Every line from the one with "Apartament 2 camere, semidecomandat, 68" up to and including the one with "530 N 420 W American Fork, UT 84003" is to be output exactly as it appears below; pictures are not.

*** Opening of Supplied data ***

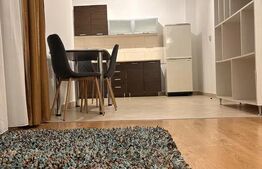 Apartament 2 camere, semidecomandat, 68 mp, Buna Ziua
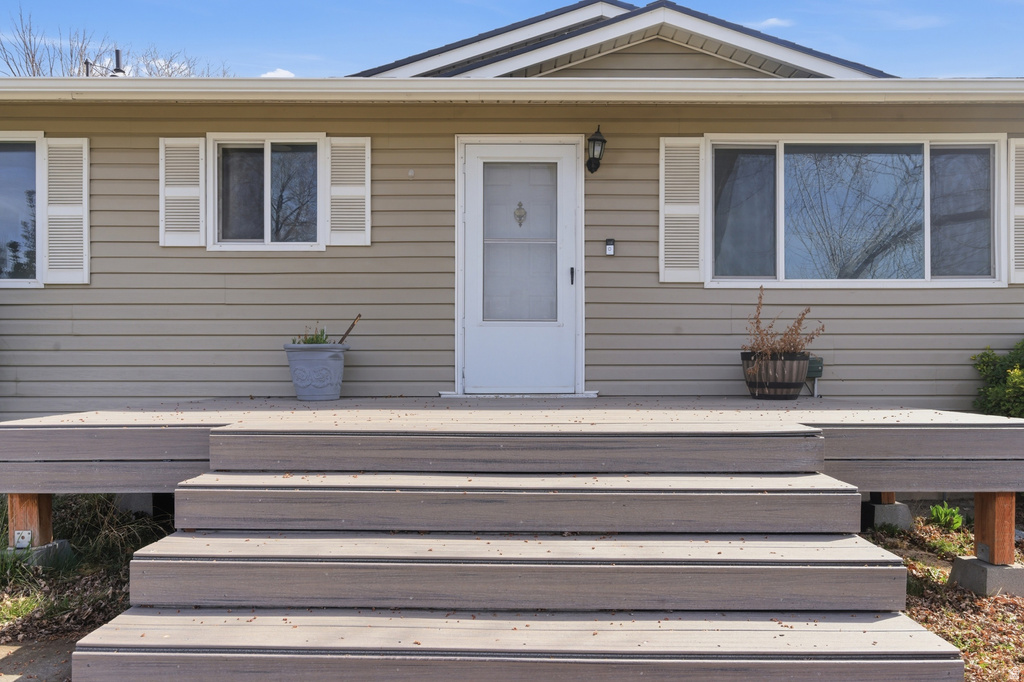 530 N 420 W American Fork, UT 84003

*** Close of Supplied data ***
*** Opening of Supplied data ***

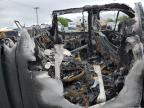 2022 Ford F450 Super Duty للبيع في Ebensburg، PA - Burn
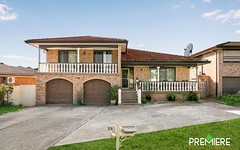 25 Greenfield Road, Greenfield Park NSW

*** Close of Supplied data ***
*** Opening of Supplied data ***

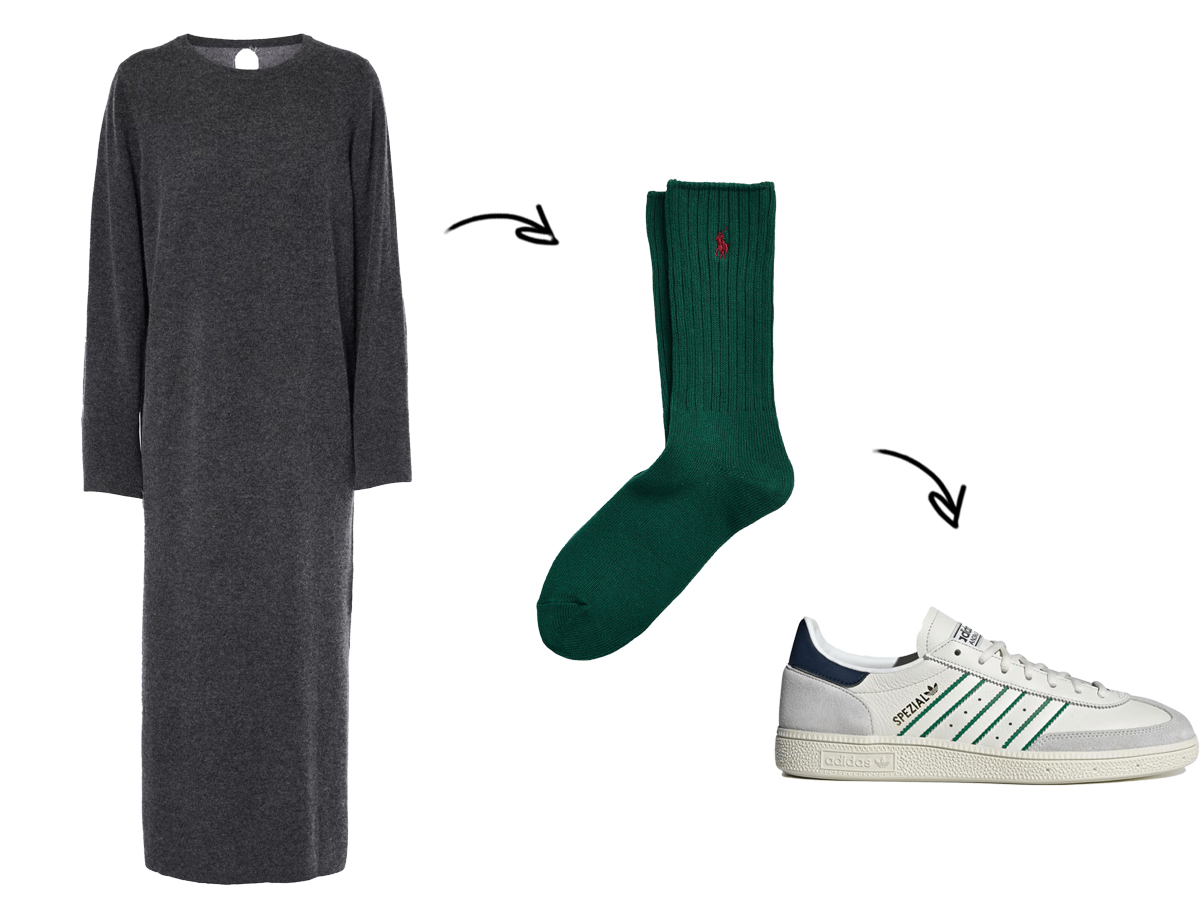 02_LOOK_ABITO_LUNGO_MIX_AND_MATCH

*** Close of Supplied data ***

(Expected answer)
 Apartament 2 camere, semidecomandat, 68 mp, Buna Ziua
 530 N 420 W American Fork, UT 84003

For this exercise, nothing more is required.